Die ganz große Leistungsexplosion des Jonas Folger bleibt in der Saison 2016 bisher aus. Mit seinem Wechsel vom spanischen AGR Team zur hervorragend geführten deutschen Truppe von Dynavolt Intact GP waren die Erwartungen ja groß, dass Folger endgültig der Sprung an die Spitze der Moto2-Weltmeisterschaft schaffen würde. Doch im Vergleich zum Vorjahr konnte er sich kaum steigern. Nach 13 Rennen hält Folger bei 127 Zählern, 2015 waren es zum selben Zeitpunkt 112. Macht gerade einmal 1,15 Punkte mehr pro Rennen. Im Vorjahr hatte Folger zu diesem Punkt in der Saison schon zwei Siege gefeiert, nun nur einen.
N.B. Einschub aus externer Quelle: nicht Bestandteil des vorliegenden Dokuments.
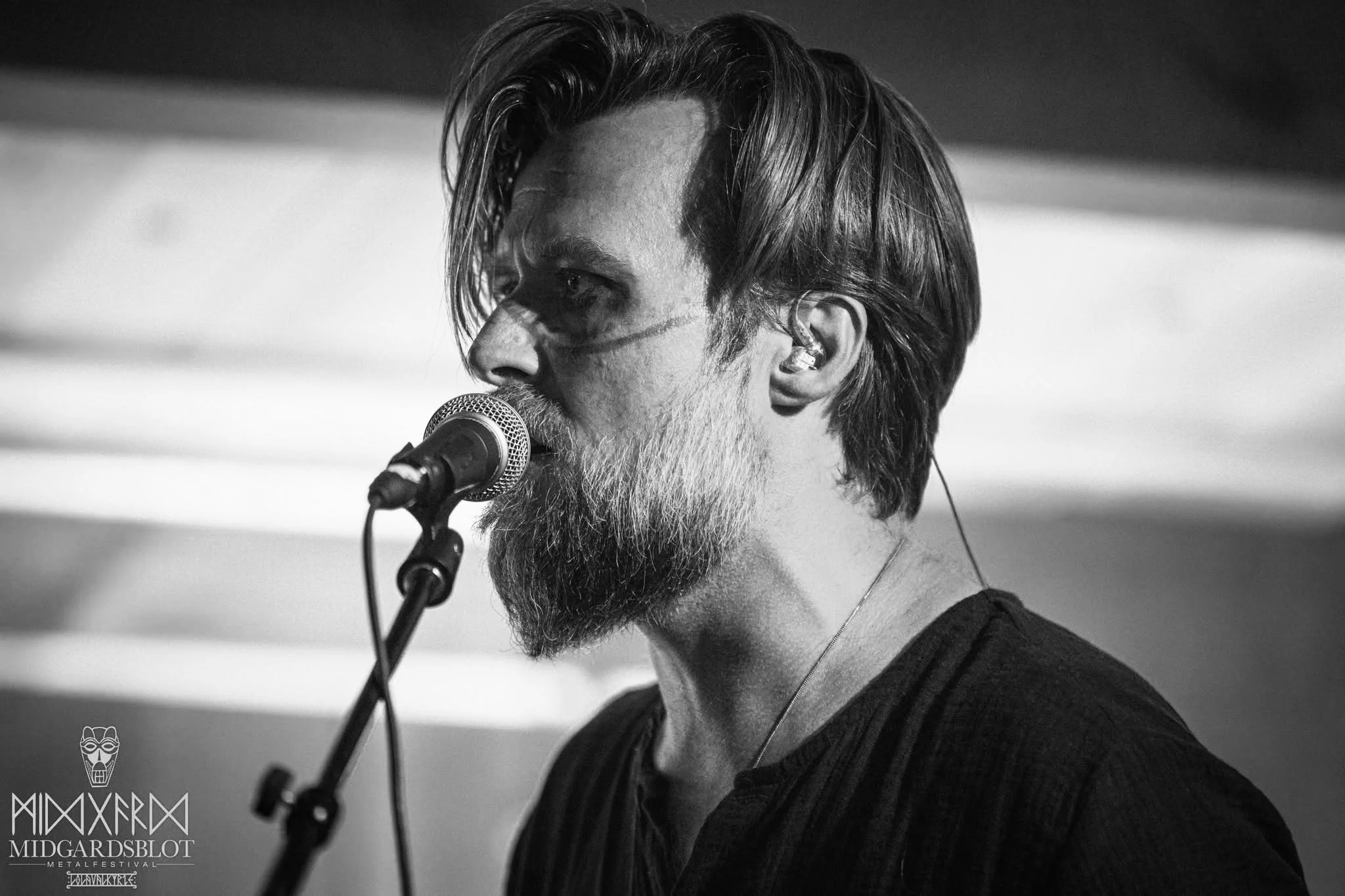 A black-and-white photo of a male musician singing or speaking into a microphone, with long hair, a beard, and wearing in-ear monitors. NEBALA concert at Midgårdsblot 2025. Jonas Lorentzen.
Bei den Podiumsplatzierungen konnte er um zwei auf vier zulegen.

Folger überzeugt nur im Regen

Insgesamt also rein zahlentechnische eine leichte Verbesserung, doch der Großteil von Folgers Highlights gelang ihm bei schwierigen Verhältnissen, sprich Regen oder Mischbedingungen. Platz drei in Argentinien holte er auf abtrocknender Strecke, Platz zwei in Deutschland und den einzigen Saisonsieg in Brünn im strömenden Regen. Bei Sonnenschein konnte Folger eigentlich nur mit dem zweiten Rang in Jerez vollends überzeugen.

Im Regen von Brünn fuhr Folger die Konkurrenz in Grund und Boden, Foto: Dynavolt Intact GP
Im Regen von Brünn fuhr Folger die Konkurrenz in Grund und Boden, Foto: Dynavolt Intact GP

Viel wurde über die Gründe für Folgers insgesamt doch oft enttäuschende Leistungen diskutiert. Zu Saisonbeginn wurde da oft die mentale Komponente genannt, etwa als er als souverän Führender in Katar seine Kalex in den Kies warf. Ein möglicher Wechsel in die MotoGP würde an seiner Konzentration nagen, vermutete man damals. Doch er wurde in Le Mans mit Tech3 fixiert, was aber auf die Leistungen Folgers keinen positiven Einfluss hatte. Die meisten Rennen beendete er weiterhin im vorderen Mittelfeld.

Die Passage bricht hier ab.